I revive this post because it is still very present.
This is what I need, and maybe a lot of people around here have the same needs.
The title is: REAL time matters, CPU time don't (when you are comparing parts of code)
In the picture there is an example of the current VTune output for the function "a" and what I suggest to add.
a_mean is the mean of the time spent by the function "a" in each thread
a_dev is the max deviation from this mean value (or the mean deviation)
So, I AM NOT interested in:
- the SUM of the time spent in every core by each function (so the solution cannot be just "Filter IN by selection" on a specific function)
- the time spent in EACH core by each function (so the solution cannot be just "Filter by thread")
but I DO am interested in:
- the AVERAGE time spent by each function
Moreover, the balance on each core should be balanced so the average value is much more interesting.
Why? Because REAL time matters, not CPU time!!!
I would like to COMPARE different parts of the code and look which of them are taking more wall clock time.

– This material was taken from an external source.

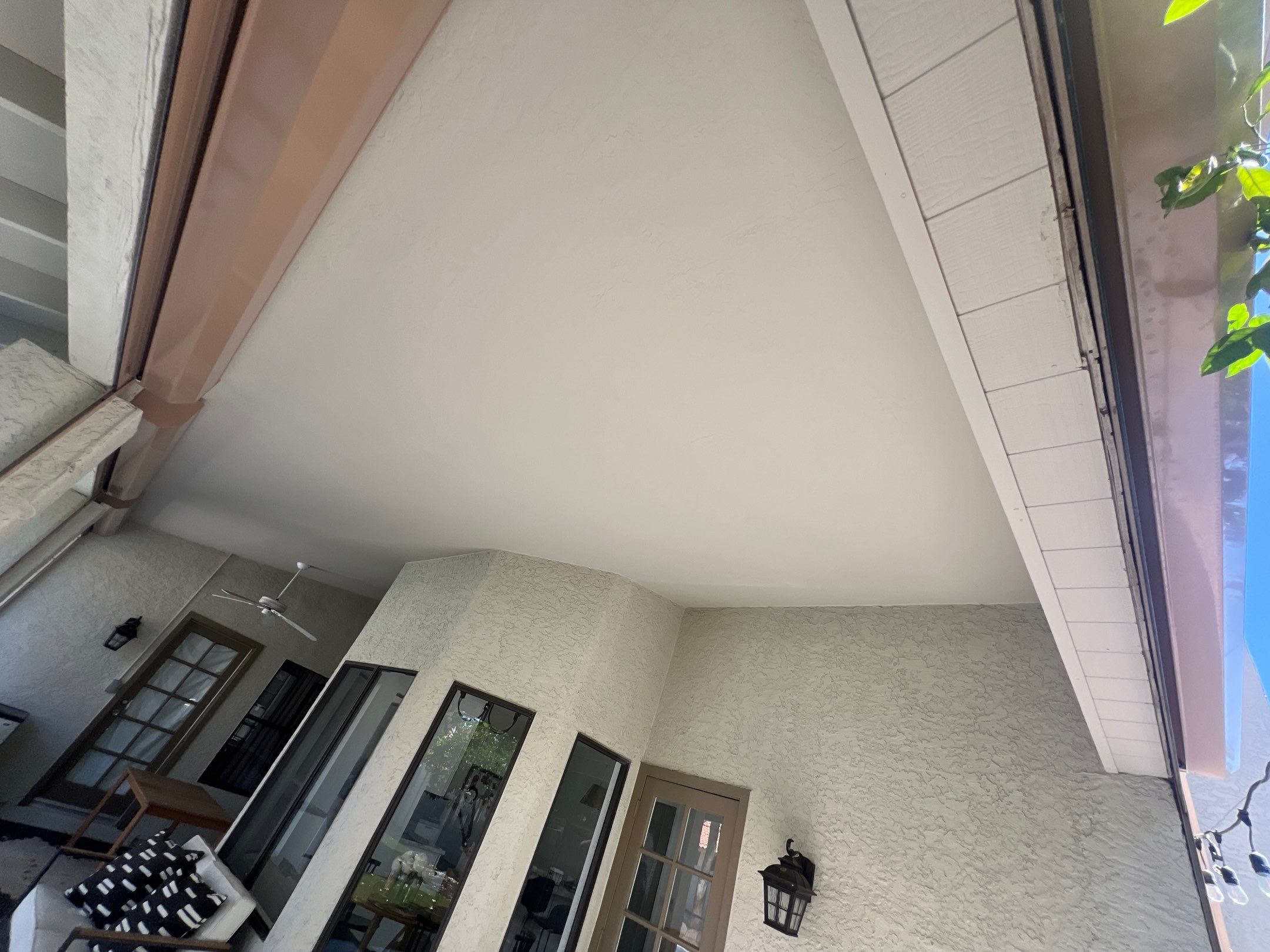 Ceiling refinish after painting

Then, and only then, I will focus on the functions that are taking longer (looking if there is room to do more parallelization and bla bla).

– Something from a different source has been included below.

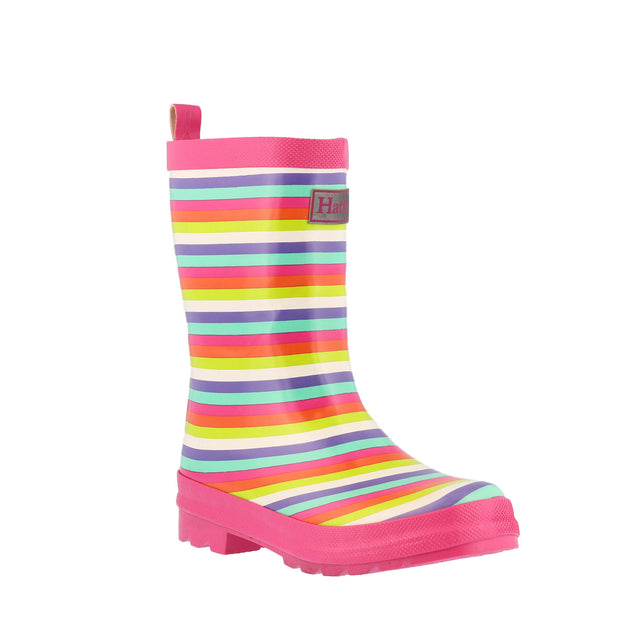 Hatley Pretty Stripes Packable Rain Boots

Having the SUM of time spent, makes sense only when you are already to the next step: improving the parallelized code, but not before, when you have to compare code.
I know that has some meaning, because logically every improvement in parallelized code is amplified by a factor of num_threads, but this is not what I want to look at the first step.
Please ask if the idea is not clearly exposed.
P.S: please, do not tell me that I should need Frame, Tasks, Event and all the __itt_blablabla stuff!
Instrumenting the code takes more time, needs to change the code, change the library linkings, change the include files... it makes no sense to do it when you already have all the informations just doing a sampling profile!!!!
There is no actual need to instrument the code! It is like buying a truck to go to work: isn't a car enough?
I have some experience with OpenMP apps tuning (and it might help here since the picture you provided is close to "fork-join" model) and let me bring some points here.
In terms of imbalance it is not every time enough to see what you want for one function since a functions might be imbalanced with idling one cores, b others, c also can different behavior so individually they can be imbalanced but together will be OK. So it is important to calculate per thread waste time on a barrier before s2 for the full group a,b,c.
Also for significant amount of throughput codes you will have your abc instance in the loop. And there might be thousands of instances. In this conditions you might be interesting in metrics aggregated by the region and probably divergence between instances and concentrate on outliers.
Two things above are achievable only with the code markup when you know fork and joint points. And this is about frame API. Since you instrument global points (not per thread) - this will be cheap enough even if you have a couple of microsecond regions. (note - function enter/leave instrumentation to calculate function elapsed time is much more intrusive since it is per-thread). So this is not just blablabla, this is the thing that really can help you in parallel efficiency analysis for fork-join codes and allows you to get wall time metrics.
If a-b-c instance is big enough to be statistically representative in terms of sampling you can dive to a particular instance and applying Function/Thread grouping see how a particular a b or c was executed on a particular thread if needed by the way.
Thanks & Regards, Dmitry